Of models, preferences and alignment

Of models, preferences and alignment

Introduction

The alignment of Large Language Models (LLMs) with human preferences and values is a critical area of research in the field of artificial intelligence. Let us do a brief comparision of three prominent alignment techniques: Direct Preference Optimization (DPO), Kahneman-Tversky Optimization (KTO), and Identity Preference Optimization (IPO).

Direct Preference Optimization (DPO)

DPO is recognized for its stability, performance, and computational efficiency, eliminating the need for sampling from the LM during fine-tuning or significant hyperparameter tuning. It has been successfully applied to align LLMs such as Hugging Face’s Zephyr and Intel’s Neural Chat. However, DPO is prone to overfitting, as demonstrated by DeepMind. Nevertheless, DPO has been shown to match the quality of Reinforcement Learning with Human Feedback (RLHF) with a simpler training method, and it has been increasingly preferred. for aligning LLMs.

Kahneman-Tversky Optimization (KTO)

KTO aligns LLMs with human feedback by directly maximizing utility based on prospect theory. It addresses challenges in existing methods like RLHF and the high cost of obtaining preference data. KTO does not require preference pairs, only knowledge of whether an output is desirable or undesirable for a given input. It has been shown to outperform DPO and standard fine-tuning, offering a significant boost in performance. KTO is gaining attention as a preferred method due to its ability to mimic human decision-making without the need for extensive preference data.

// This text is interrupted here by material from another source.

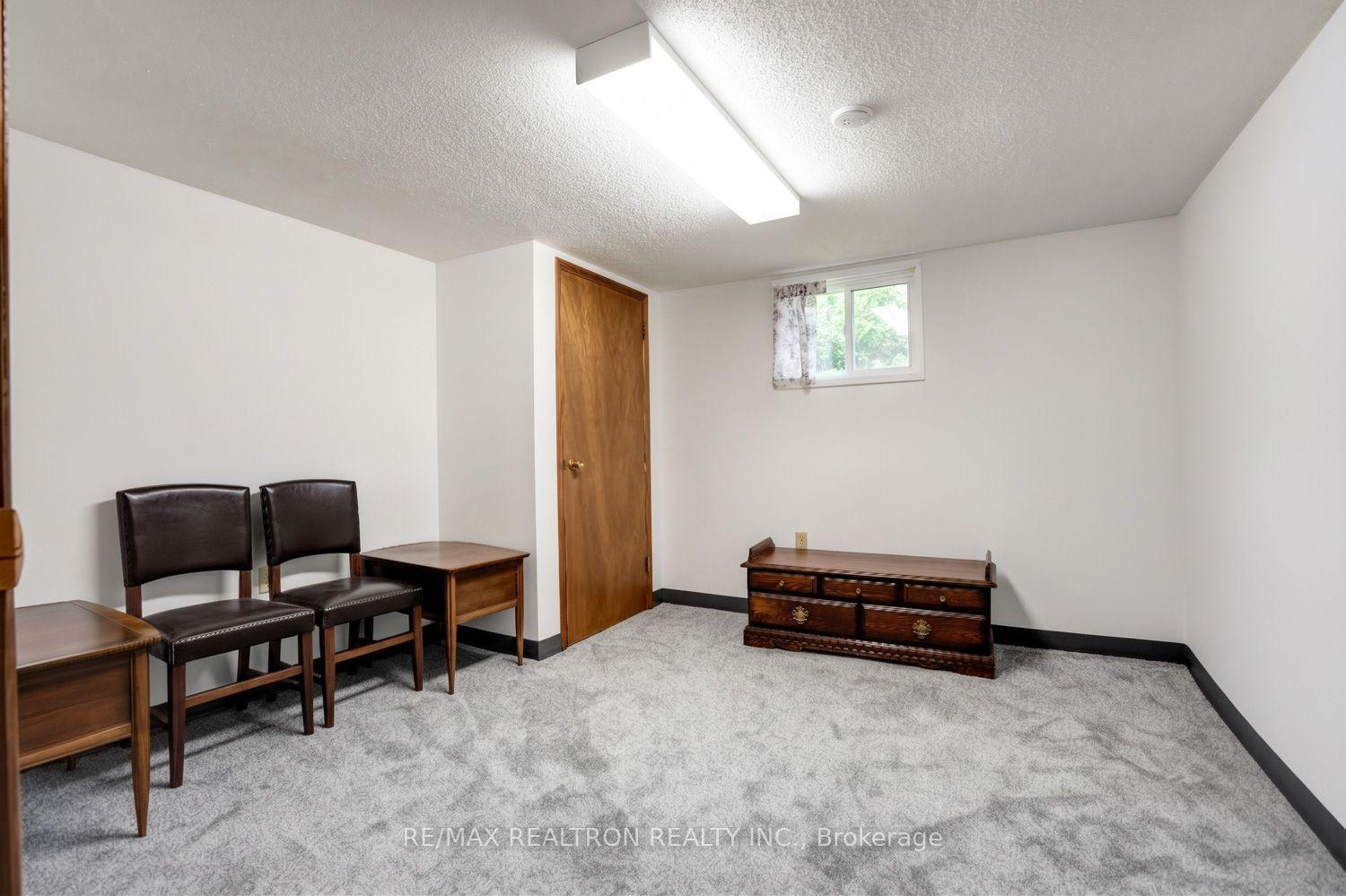 Photo 23 of 139 Tower Drive, Scarborough, Wexford-Maryvale — HOMEH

Identity Preference Optimization (IPO)

IPO is a simpler learning objective that learns pairwise preferences directly instead of using logit-preferences or Elo-scores. It is less impacted by overfitting compared to DPO and can distinguish between different outputs more effectively. IPO's direct approach to learning preferences makes it a strong candidate for aligning LLMs, although it may be more sensitive to the increasing coefficient in the learning process.

Conclusion

When comparing these techniques, it is important to consider their performance, stability, and computational requirements. DPO is noted for its enhanced stability in model convergence and improved performance in conversational and other downstream tasks. KTO, on the other hand, offers a significant performance boost and aligns with human feedback more effectively by leveraging prospect theory. IPO provides a simpler and potentially less overfitting-prone alternative to DPO, directly learning pairwise preferences.

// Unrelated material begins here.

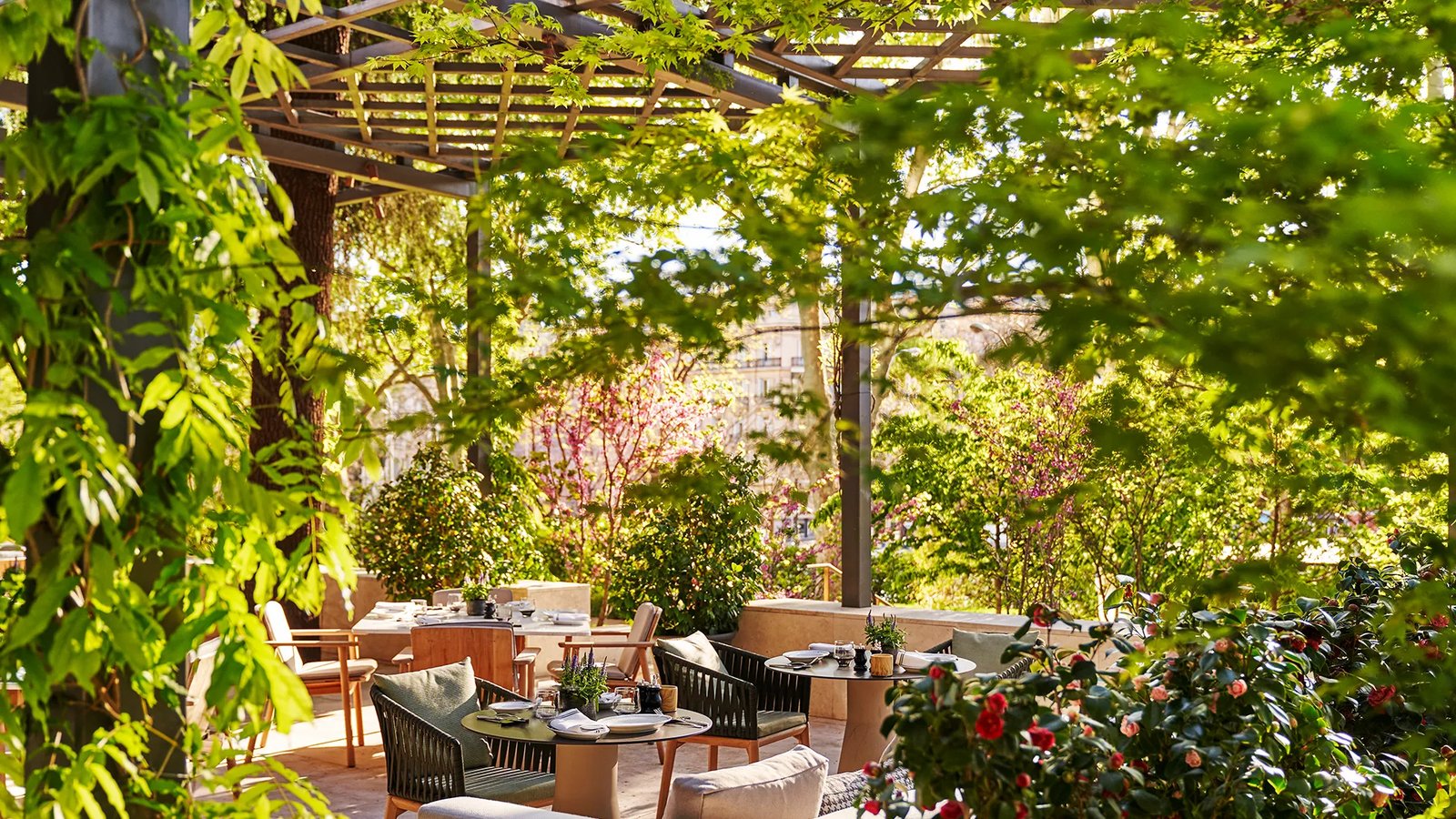 Rosewood Villa Magna, eat & drink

Each alignment technique has its strengths and potential drawbacks. DPO is stable and computationally lightweight but may overfit. KTO is effective in aligning with human feedback and does not require extensive preference data. IPO offers a simpler objective and is less prone to overfitting but may be sensitive to parameter tuning. The choice of technique may depend on the specific requirements of the LLM and the desired outcomes of the alignment process.

References:

[2305.18290] Direct Preference Optimization: Your Language Model is Secretly a Reward Model (arxiv.org)

Better, Cheaper, Faster LLM Alignment with KTO - Contextual AI

[2310.12036] A General Theoretical Paradigm to Understand Learning from Human Preferences (arxiv.org)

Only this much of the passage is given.